Dalam beberapa tulisannya yang lain, Freire memberikan gambaran tentang upaya pembebasan dari berbagai masalah. Masalah tidak hanya pada soal pendidikan, tetapi juga ekonomi, politik, hukum, atau kebudayaan sehari-hari. Untuk itu integrasi realitas sosial ke dalam pendidikan merupakan salah satu upaya dalam membebaskan diri dari permasalahan sosial. Pola hadap masalah (kontekstual) menurut Freire dapat terjadi kapan dan di mana saja selagi manusia masih hidup. Karena itulah, konsep pendidikan Freire sangat menekankan kesadaran diri sebagai subjek. Sebab, dalam pemikirannya, hanya subjeklah yang dapat memerankan liberative action. Kesadaran ini secara komunal akhirnya membentuk kesadaran sosial. Dengan kesadaran sosial,yang dibangun berdasarkan relasi intersubjekti, rakyat diharapkan mampu memikirkan pemecahan masalah yang dihadapinya (Mintara, 2001).

Harus disadari bahwa daya penindasan itu terjadi secara luas dan mendalam.
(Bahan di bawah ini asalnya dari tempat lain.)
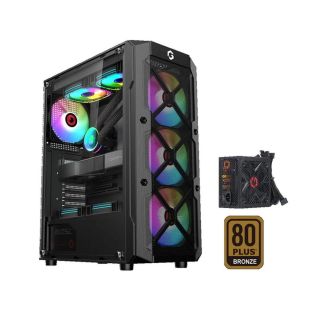 كيسة ألعاب سلسلة TridentIII M POWERFORGE متوسطة الحجم مع مزود طاقة 750 واط مثبت مسبقًا مع 4 مراوح ARGB - أسود من GAMEON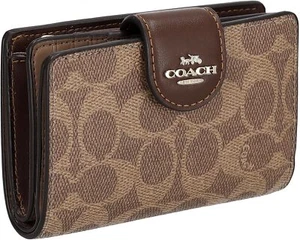Coach Medium Corner Zip Wallet in Signature Canvas CW786 IMXHE Tan/Brown - Bild 1 von 5
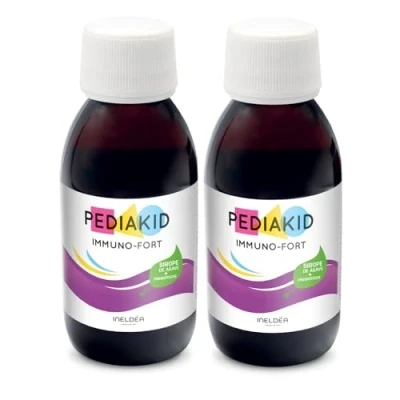 Imagen de PEDIAKID Immuno Fort Complemento alimenticio Fórmula Exclusiva a base de Sirope Agave Ayuda Reforzar las Defensas Naturales del Organismo Sabor Arándano Lote 2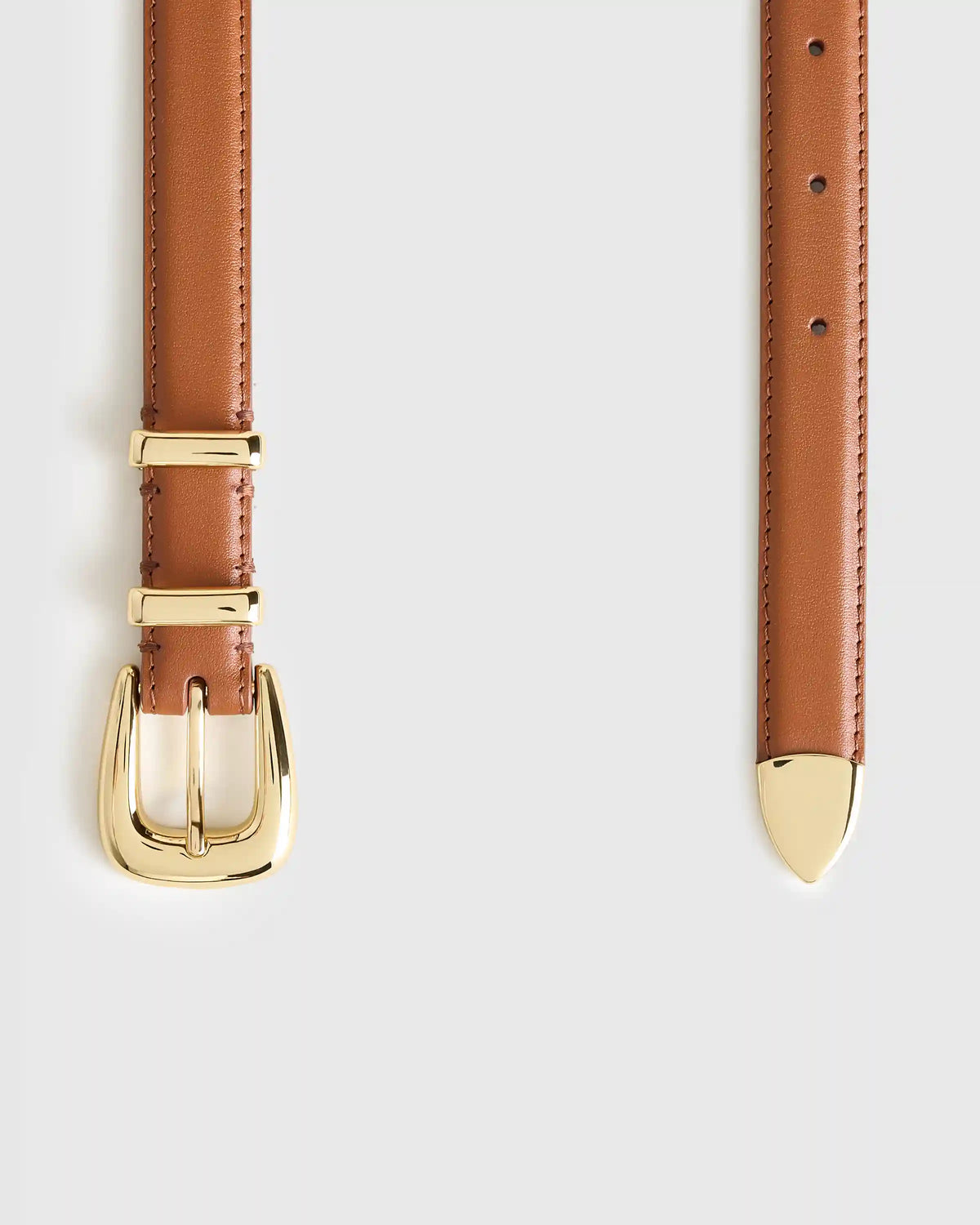 Lola European Leather Western Skinny Belt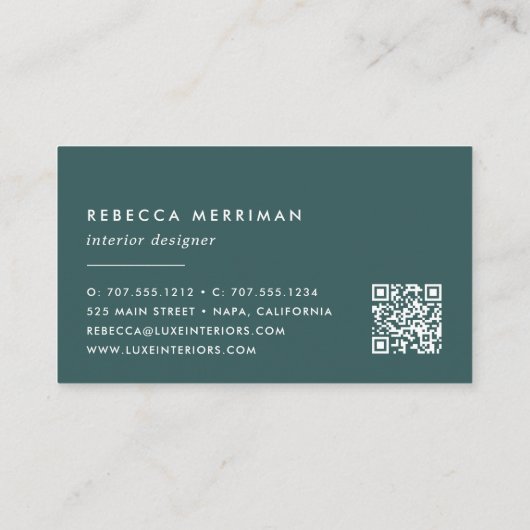 blos | Waterverf Floral QR Code Visitekaartje (Achterkant)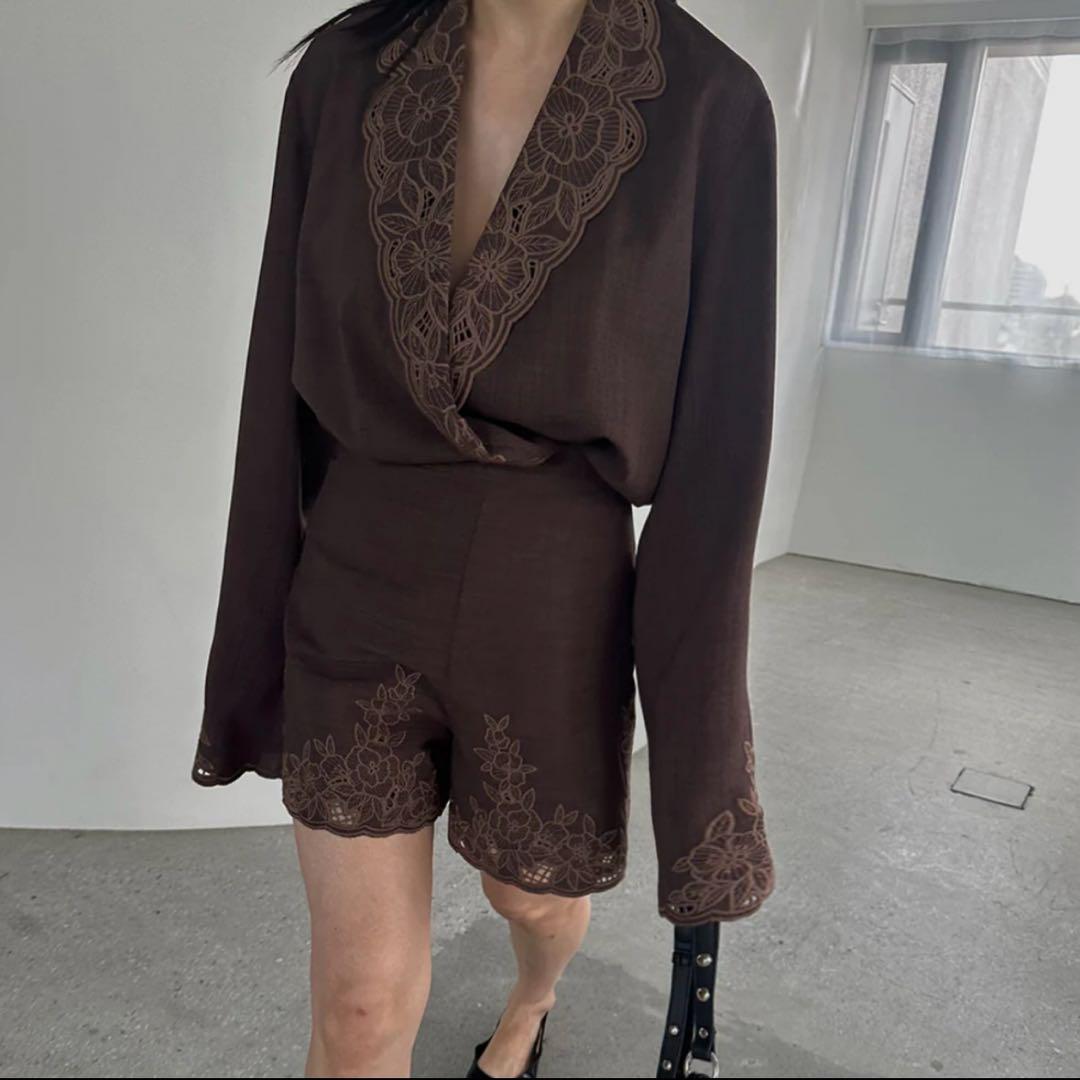 お歳暮 時期 MEDI LACE EMBROIDERY SHORT PANTS パンツ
Bahkan dalam banyak hal yang kelihatannya paling netral dalam pendidikan, yakni dalam belajar membaca dan menulis, penindasan itu telah terjadi. Di sana peserta didik sudah ditekan dan peralat sedemikian rupa seperti seorang budak yang diperalat oleh kekuasaan tuannya untuk menggarap apa yang diinginkannya. Jadi, yang terjadi bukanlah hubungan belajar mengajar, tetapi pemaksaan dunia mereka yang berkuasa terhadap mereka yang tak berkuasa. Jelas proses belajar mengajar semacam ini tidak tidak mau telah memblokir manusia untuk menjadi manusia.
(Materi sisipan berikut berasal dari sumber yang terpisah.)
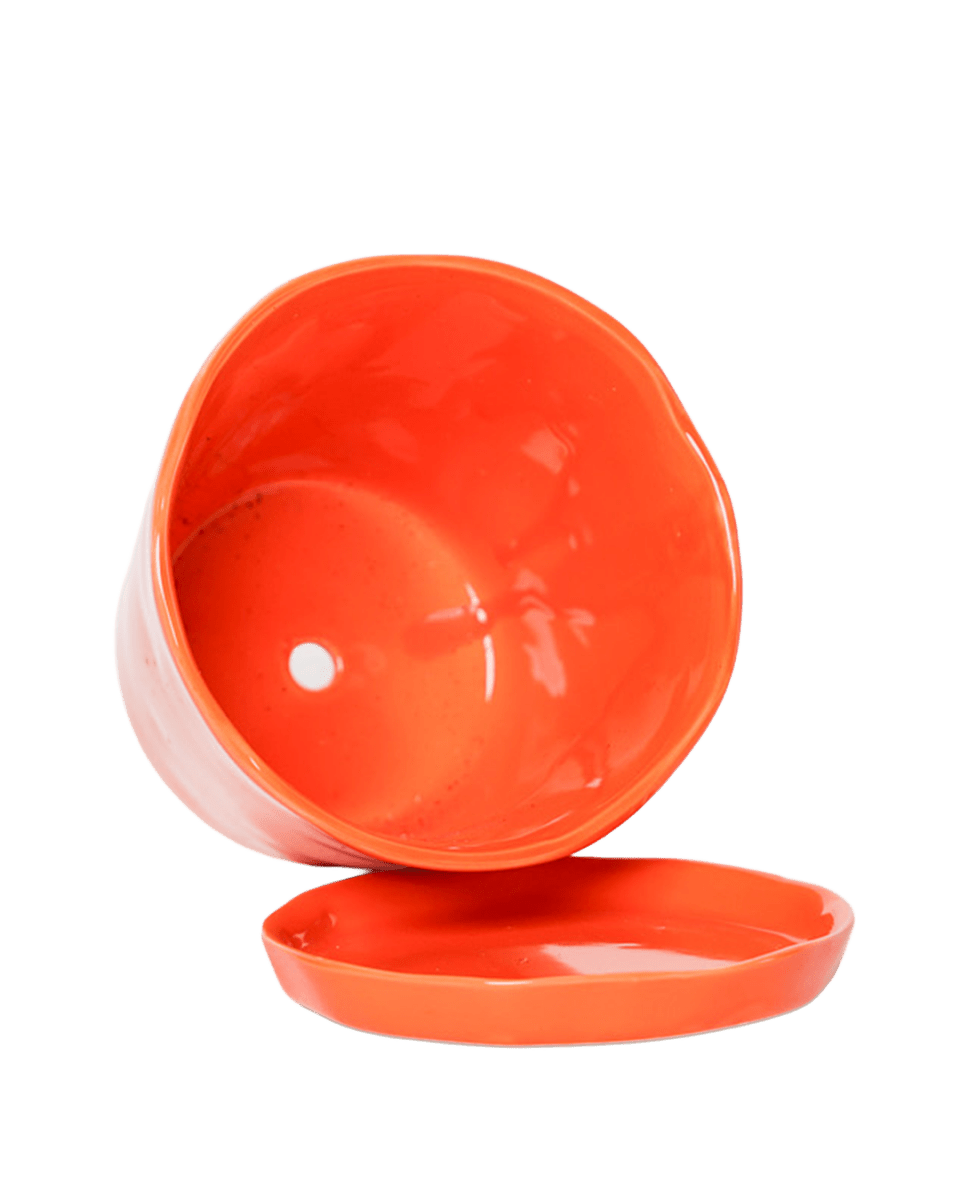 Tika Ceramic Pot & Saucer Set With Drainage - Chive US Wholesale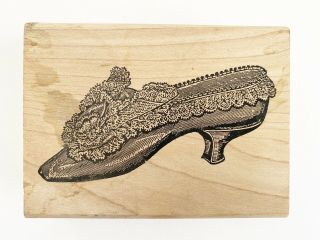 Victorian Shoe Rubber Stamp Francisco Vintage 90s Wood Mounted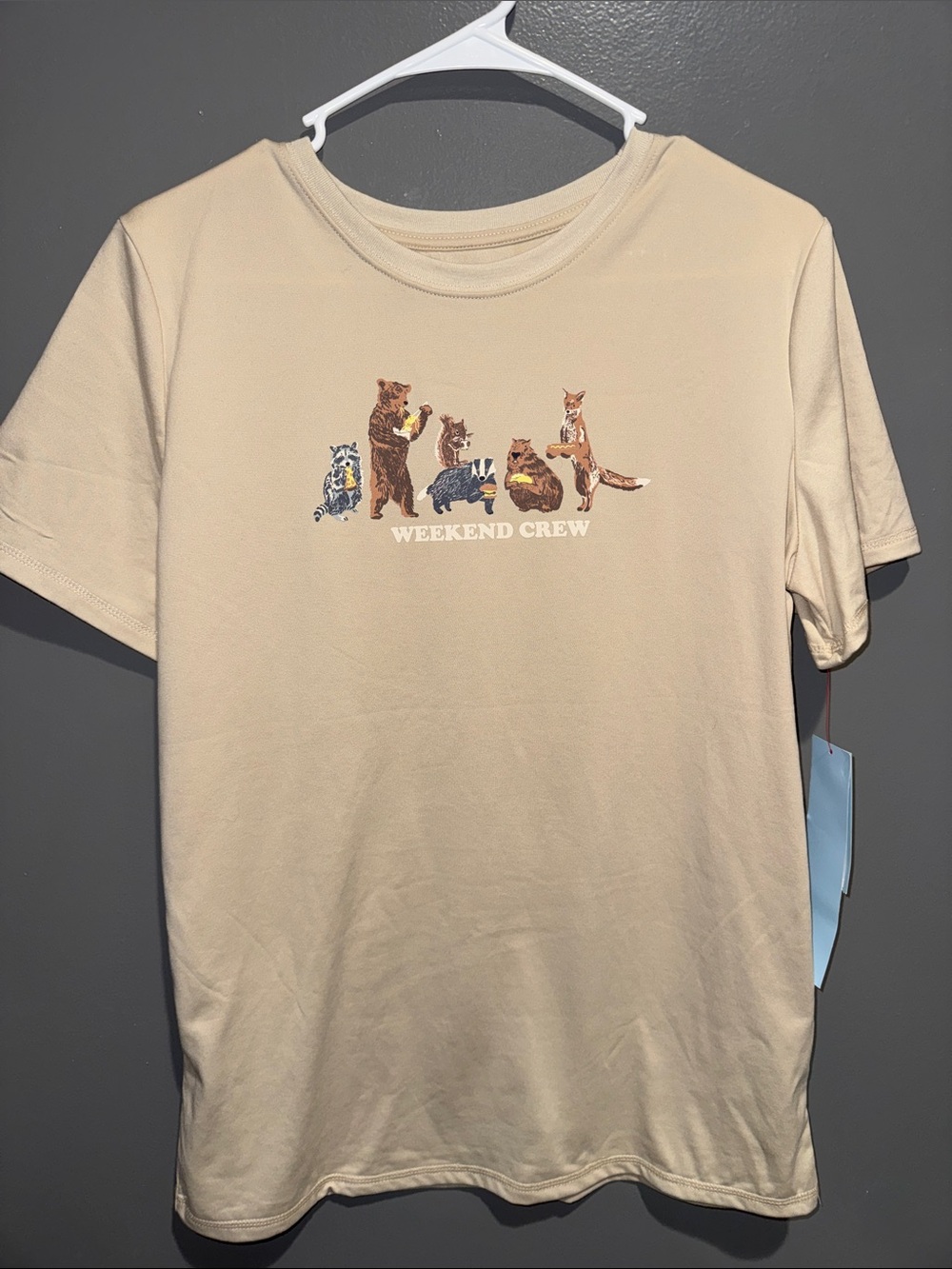 Cat & Jack Beige Weekend Crew Woodland Animal Tee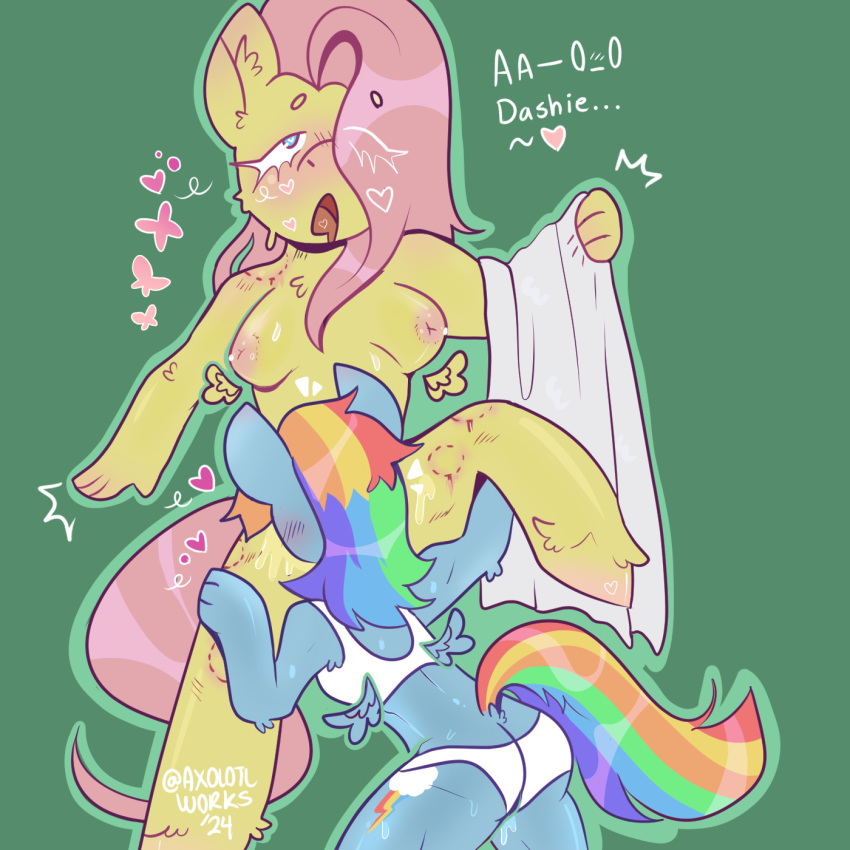 anthro axolotllurks axolotlworks duo equid equine female female/female fluttershy_(mlp) friendship_is_magic hasbro hi_res horse humanoid lesbian_couple lgbt_pride locker_room mammal my_little_pony pony public public_nudity public_sex rainbow_dash_(mlp) sex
2. Pendidikan Kaum Tertindas

Pada awal 1960-an Brazil mengalami masa-masa sulit. Gerakan-gerakan reformasi (baik dari kalangan sosialis, komunis, pelajar, buruh, maupun militan Kristen) mendesakkan tujuan sosial politik mereka masing-masing. Waktu itu, Freire menjadi direktur utama Pusat Pengembangan sosial Universitas Recife. Kemudian ia membawa program pemberantasan buta huruf kepada ribuan petani miskin di Timur laut tempatnya bekerja. Gebrakan yang dilakukan Freire ternyata mendapat sambutan dari golongan kaum minoritas/tertindas. Kedatangan program Freire tersebut menjadi salah satu harapan baru bagi mereka, karena hak untuk memberikan suara seseorang saat itu tergantung pada kemampuan baca tulis.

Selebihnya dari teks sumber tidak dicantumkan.